INSTRUCTIONS TO FOLLOW: Track down every line below that holds "York" and copy it.

*** DATA LISTING ***

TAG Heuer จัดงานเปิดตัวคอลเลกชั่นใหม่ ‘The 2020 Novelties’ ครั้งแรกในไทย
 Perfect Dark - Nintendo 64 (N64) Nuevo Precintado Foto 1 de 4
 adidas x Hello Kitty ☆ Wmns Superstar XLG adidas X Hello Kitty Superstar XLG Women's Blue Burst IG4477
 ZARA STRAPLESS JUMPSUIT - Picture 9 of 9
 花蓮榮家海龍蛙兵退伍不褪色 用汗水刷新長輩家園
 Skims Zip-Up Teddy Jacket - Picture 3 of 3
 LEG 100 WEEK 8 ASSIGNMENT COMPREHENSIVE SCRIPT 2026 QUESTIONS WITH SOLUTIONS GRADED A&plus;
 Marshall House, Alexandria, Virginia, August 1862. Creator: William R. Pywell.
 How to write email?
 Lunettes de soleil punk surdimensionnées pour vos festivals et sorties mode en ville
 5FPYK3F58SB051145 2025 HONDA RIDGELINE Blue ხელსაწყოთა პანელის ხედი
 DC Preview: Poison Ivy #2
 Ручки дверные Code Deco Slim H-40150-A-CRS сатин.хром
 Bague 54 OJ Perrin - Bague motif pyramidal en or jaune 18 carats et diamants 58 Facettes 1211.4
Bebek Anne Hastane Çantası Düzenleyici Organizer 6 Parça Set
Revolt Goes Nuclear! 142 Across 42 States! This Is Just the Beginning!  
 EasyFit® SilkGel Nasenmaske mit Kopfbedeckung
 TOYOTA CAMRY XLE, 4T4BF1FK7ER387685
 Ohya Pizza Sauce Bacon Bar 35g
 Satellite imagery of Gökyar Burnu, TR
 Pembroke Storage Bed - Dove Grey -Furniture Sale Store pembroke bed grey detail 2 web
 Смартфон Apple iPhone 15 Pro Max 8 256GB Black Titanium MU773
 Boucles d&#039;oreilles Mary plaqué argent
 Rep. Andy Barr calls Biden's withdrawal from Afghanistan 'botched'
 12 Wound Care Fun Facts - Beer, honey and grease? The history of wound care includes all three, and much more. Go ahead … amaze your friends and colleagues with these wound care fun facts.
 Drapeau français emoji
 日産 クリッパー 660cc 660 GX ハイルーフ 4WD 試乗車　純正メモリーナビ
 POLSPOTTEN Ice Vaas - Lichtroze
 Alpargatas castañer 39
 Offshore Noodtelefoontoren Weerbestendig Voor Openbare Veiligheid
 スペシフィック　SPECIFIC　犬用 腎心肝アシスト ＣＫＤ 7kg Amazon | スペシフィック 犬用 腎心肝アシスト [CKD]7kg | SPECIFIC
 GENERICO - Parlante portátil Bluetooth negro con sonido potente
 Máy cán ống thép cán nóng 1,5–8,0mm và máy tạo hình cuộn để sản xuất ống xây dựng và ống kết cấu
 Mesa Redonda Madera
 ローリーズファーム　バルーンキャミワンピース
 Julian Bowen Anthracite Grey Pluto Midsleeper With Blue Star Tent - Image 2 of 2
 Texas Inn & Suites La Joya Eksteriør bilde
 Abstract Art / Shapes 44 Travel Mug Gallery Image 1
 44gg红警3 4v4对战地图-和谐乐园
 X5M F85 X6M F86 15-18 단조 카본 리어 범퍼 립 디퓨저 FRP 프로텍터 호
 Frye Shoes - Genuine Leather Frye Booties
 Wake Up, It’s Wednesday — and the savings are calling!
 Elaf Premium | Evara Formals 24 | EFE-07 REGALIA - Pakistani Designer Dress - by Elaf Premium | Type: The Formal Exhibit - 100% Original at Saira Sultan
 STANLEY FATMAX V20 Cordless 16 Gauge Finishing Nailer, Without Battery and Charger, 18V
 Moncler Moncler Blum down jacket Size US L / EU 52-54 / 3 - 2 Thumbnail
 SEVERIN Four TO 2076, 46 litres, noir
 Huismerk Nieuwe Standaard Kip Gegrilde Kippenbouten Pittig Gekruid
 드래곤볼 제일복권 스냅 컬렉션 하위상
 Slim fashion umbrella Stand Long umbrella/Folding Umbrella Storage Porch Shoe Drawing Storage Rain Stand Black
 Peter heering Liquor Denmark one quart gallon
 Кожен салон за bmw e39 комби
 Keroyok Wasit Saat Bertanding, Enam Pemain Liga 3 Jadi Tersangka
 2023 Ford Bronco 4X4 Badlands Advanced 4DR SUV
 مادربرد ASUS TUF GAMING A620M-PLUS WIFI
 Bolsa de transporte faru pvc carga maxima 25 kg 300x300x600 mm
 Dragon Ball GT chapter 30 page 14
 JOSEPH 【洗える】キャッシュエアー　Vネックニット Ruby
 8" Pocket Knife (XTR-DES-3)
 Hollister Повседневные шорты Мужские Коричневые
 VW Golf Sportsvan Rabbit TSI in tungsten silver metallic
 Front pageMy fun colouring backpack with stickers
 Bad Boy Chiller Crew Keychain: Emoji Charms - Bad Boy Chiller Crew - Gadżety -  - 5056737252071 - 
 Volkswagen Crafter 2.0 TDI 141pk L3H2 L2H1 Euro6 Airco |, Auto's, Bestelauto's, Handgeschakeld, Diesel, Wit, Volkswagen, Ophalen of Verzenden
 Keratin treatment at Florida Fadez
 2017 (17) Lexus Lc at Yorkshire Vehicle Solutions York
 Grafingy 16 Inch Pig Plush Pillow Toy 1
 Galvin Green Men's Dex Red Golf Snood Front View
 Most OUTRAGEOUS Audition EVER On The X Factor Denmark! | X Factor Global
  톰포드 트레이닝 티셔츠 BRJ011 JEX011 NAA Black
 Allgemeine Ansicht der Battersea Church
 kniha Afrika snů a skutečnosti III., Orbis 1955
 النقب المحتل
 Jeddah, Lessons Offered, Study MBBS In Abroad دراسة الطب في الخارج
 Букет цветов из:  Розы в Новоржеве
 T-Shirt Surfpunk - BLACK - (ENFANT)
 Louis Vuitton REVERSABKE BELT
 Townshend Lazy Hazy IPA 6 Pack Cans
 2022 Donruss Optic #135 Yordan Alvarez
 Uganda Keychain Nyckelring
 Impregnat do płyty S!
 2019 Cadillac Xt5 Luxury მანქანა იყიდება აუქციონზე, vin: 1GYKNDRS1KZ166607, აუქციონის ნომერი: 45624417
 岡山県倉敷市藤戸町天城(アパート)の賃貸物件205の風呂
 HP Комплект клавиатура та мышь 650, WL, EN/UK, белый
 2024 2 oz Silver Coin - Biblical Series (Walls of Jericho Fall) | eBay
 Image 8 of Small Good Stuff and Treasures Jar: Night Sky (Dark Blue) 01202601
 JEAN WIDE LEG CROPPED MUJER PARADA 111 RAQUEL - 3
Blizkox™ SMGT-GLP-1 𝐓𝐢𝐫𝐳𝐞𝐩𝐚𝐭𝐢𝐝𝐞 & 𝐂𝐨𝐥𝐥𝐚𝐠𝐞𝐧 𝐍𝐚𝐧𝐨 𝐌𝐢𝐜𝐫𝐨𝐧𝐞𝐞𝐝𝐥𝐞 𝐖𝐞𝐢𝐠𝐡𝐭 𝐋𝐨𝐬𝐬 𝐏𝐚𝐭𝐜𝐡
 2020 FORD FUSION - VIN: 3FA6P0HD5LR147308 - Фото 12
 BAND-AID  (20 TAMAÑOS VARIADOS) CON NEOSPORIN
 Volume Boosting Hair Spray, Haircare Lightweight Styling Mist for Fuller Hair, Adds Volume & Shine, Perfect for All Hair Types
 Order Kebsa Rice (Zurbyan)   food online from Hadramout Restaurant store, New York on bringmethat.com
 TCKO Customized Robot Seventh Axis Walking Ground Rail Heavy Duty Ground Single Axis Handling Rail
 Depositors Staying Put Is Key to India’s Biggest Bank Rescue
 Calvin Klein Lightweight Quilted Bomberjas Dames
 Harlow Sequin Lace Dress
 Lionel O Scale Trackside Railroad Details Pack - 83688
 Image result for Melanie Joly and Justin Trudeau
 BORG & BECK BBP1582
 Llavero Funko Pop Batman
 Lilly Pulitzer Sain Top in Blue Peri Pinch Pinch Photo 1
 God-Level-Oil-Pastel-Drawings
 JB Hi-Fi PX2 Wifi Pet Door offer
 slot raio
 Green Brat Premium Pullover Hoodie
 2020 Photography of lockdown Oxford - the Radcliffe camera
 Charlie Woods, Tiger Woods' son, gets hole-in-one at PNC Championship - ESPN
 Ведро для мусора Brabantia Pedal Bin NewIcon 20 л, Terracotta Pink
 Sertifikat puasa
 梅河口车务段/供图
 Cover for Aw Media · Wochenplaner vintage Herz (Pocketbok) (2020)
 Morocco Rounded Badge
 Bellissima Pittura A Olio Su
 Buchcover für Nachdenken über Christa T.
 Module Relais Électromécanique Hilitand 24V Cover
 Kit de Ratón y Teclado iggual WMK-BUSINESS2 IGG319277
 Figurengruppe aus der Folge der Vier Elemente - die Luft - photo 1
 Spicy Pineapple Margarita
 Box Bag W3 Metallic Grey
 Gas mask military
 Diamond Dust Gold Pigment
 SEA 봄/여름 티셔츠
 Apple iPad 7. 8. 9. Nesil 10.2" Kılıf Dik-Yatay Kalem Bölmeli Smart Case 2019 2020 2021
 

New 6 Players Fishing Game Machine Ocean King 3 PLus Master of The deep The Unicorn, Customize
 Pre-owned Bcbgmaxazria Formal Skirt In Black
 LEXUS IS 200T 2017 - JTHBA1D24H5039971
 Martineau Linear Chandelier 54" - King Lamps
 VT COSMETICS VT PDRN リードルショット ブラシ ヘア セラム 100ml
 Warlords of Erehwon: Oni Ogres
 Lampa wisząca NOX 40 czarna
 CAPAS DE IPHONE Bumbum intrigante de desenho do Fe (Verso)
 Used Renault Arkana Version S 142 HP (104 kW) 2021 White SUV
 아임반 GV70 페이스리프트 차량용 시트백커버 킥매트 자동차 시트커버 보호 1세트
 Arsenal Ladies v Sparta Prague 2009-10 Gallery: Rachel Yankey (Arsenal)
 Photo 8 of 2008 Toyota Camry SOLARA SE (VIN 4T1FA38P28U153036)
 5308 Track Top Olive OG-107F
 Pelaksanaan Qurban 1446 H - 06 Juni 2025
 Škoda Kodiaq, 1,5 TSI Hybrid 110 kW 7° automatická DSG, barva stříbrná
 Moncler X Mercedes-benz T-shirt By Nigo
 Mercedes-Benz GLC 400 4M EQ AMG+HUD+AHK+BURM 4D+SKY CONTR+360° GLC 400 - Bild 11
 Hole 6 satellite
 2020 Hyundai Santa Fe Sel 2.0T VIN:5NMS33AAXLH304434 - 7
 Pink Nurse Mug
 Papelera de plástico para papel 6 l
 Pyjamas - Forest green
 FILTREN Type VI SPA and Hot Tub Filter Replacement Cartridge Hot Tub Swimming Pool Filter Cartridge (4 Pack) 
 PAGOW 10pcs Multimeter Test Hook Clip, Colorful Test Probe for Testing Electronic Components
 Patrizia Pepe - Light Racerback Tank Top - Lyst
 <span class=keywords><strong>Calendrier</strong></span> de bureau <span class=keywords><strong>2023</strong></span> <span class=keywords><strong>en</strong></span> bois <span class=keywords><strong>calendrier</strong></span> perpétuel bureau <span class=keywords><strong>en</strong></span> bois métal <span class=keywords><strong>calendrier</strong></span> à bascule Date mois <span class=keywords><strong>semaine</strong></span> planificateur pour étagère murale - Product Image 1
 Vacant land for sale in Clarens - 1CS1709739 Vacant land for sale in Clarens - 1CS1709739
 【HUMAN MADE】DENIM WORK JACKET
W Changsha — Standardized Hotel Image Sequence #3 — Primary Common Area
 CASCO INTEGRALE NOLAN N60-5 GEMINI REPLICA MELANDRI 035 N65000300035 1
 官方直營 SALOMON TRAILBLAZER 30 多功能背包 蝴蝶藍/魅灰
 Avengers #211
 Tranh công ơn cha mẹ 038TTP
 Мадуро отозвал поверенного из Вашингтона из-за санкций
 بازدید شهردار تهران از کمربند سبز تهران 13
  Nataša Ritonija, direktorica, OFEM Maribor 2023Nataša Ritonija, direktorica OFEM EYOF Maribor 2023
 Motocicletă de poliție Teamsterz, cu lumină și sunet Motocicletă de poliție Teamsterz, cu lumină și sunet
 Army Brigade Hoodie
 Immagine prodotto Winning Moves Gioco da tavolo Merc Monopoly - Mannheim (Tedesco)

*** End of DATA LISTING ***

SOLUTION BELOW:
 2017 (17) Lexus Lc at Yorkshire Vehicle Solutions York
 Order Kebsa Rice (Zurbyan)   food online from Hadramout Restaurant store, New York on bringmethat.com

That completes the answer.